將他抱上輪椅的時候他依然有些抗拒,我解釋著:“你躺了這麽長時間,不能太著急運動,等你恢覆些體力,再慢慢走,沒事的。”

那天,我理所當然的誤了早朝。那是我登基十五年來第一次不上朝。

我想,他心裏大概是清楚這兩個月來發生的所有事。他也明白在亓國乃至庫洛所有人的眼中,韓慕景已經死了。

你能接受一覺醒來發現別人都認為你已經不在了麽?

我從來都不想逼他,可他卻一次又一次的讓我不得不逼他。他不願先負我,便逼著我先負他麽?真不知道他是太聰明還是太傻,對他,我從來就沒贏過,也沒想過贏。

他還是不肯跟我說話,不肯跟任何人說話。我下朝回來,時常看見他望著窗外發呆,不知道在想些什麽,從他醒來後,他的世界就再沒向任何人打開過。

我拉起他的一縷發:“今天出去走走好嗎?再不出去頭上都長草了。”

他安靜的坐著看窗外,不說話也沒有任何動作。

我抱起他將他放在外間的輪椅上。他沒有掙紮。

這是他醒來後的第四個月,沒跟我說過一句話。不再抗拒讓我抱他是因為他已經沒辦法自己行走了。
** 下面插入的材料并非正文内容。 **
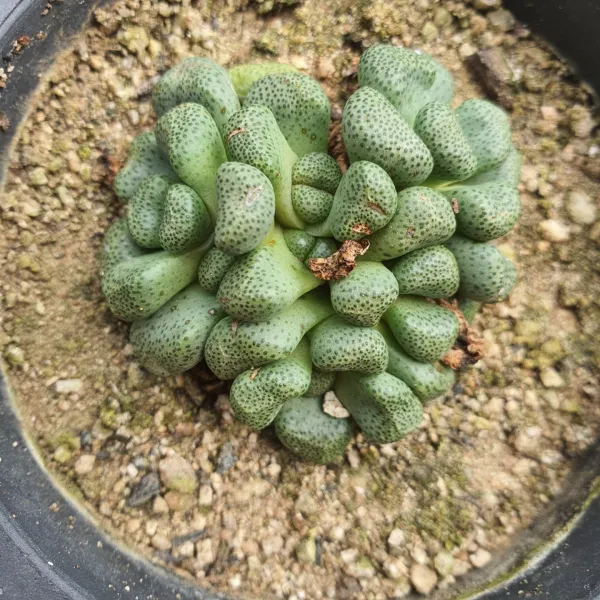 주황꽃피는 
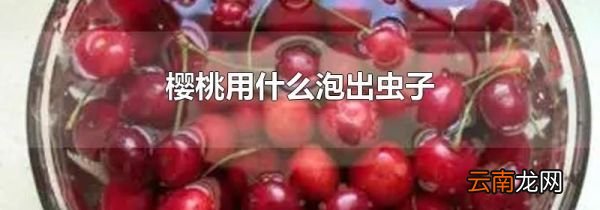 樱桃用什么泡出虫子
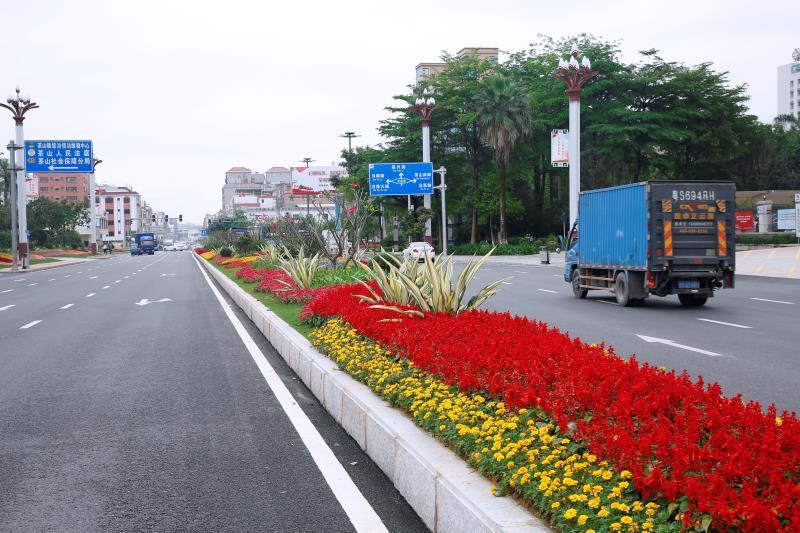 漂亮了七彩花木组团点缀街头茶山镇大力推进彩色林建设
太醫說他的腿部肌肉太長時間沒有活動已經壞死,頭兩個月是恢覆的最佳時期,可不知怎麽的,他突然就不願意下地走路了,懲罰一般的,讓自己不良於行。

我沒有任何辦法。太醫說,他心臟旁邊有傷,急不得也氣不得。我只好什麽都順著他,我太怕他一睡不醒,我也不敢再嘗一遍失去的滋味。